After we came here. Also a way of describing it. The captain must have been present during the invasion attempt. "That's not something we're very proud about," Arthur said.
"Why not? We're very happy you chose Keen. Of course the relations may be strained from time to time, but the exclusion of any other land is a great honor to us."
"What?"
"But of course. Please don't mistake our ways for anger. Protectionism and a certain amount of greed, yes I have to admit that, but we're grateful you haven't started to fly your sky ships from elsewhere."
A moment of shock followed by revelation. The captain didn't know about the Terran Federation's insane attack! Maybe most living here didn't, but how?
"Oh, I see. You're thinking of that unfortunate episode. It was a mistake trying to take your installation by force, and your weapons made us pay dearly," Trindai continued, apparently mistaking the reason for Arthur's silence.
Arthur didn't know what to say, and only returned Trindai's stare. They sat in silence around the flickering light of the fire until Arthur decided it was his time asking questions.
"The things that attacked us today, what were they?"
"Dragonlings," Gring answered. "They are quite common where I come from."
"They're very rare here," Trindai said. "I don't know about these mountains, but we don't see many of them west of Erkateren anyway, and I'd be surprised if there are that many there."
Harbend nodded his head in agreement with the captain. "He is probably right. From what I have heard they are hunted more or less to extinction. A different matter on the other side of the mountains though." Harbend looked at Gring.
"Very different," she agreed. "Hunting dragonlings is forbidden there. Defending yourself is allowed of course, but no hunting."
"Why?" Arthur asked.
"I don't know," Gring admitted. "You die if you try, so people just accept it's forbidden."
"Who kills the hunters?"
"To begin with there has been no hunters of dragonlings for a very long time. Well, not on the eastern side of the pass anyway. To answer your question, we don't know. Legend has it a hunter just dies. Accident, sickness, killed by animals, anything. Never takes long though."

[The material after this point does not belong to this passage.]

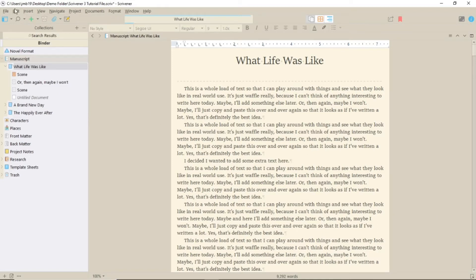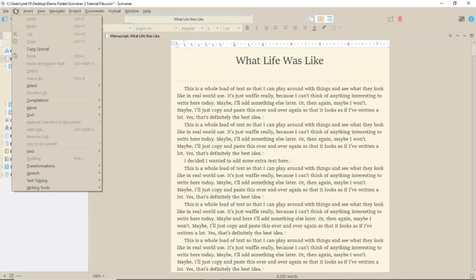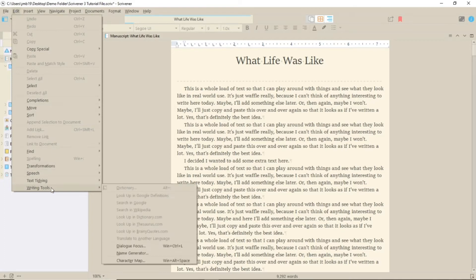In Scrivener 3, they've hidden this under the Insert menu and Writing tools.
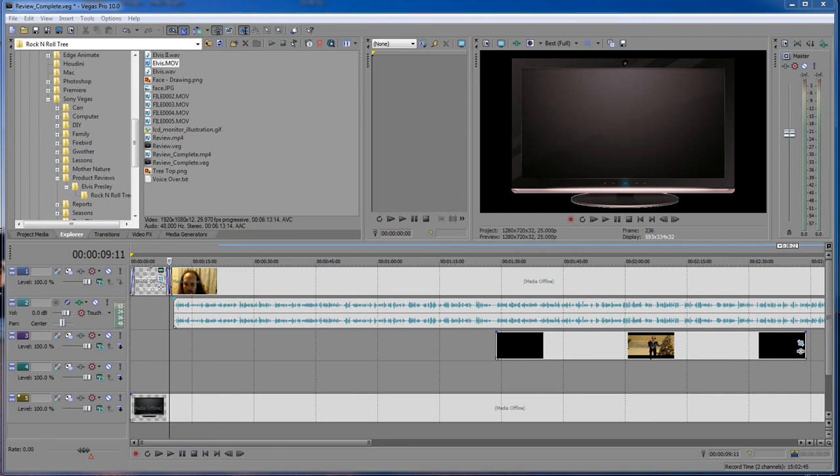What's up, William Barron here with DarkFX.net. We are inside of Sony Vegas today and I just found something that I thought was real interesting, and I thought I would share it with the community.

Arthur wasn't getting anywhere and he tried a different approach. "Why is it forbidden to hunt them?" he asked. "And why only on the other side of the mountains."
"I can answer the second question," Trindai offered. "We've been given the land where we live, but we're not allowed to bring our own rules across the mountains," he continued.
Arthur digested the information for a few moments. "So, and my first question?" he asked.
"I thought the answer would be obvious," Gring said, and Arthur could see how all around him gave him looks of utter surprise.
"I'm afraid I'm the foreigner here," he explained.
"Dragonlings are the young of dragons. I thought everyone knew that."
Excitement stirred in Arthur. "Dragons? You have dragons here?"
"There hasn't been a sighting of a dragon in hundreds of years, but of course we do. Don't you?"
"No, we don't. No dragons where I come from."
"You are the strangest of people," Gring said. "You say you don't have dragons where you come from, and yet you seem familiar with the concept. No wonder we call you halfmen and oath breakers when you so obviously lie to yourself," she concluded.
Arthur could only listen in amazement as Gring was joined by a choir of murmured agreement.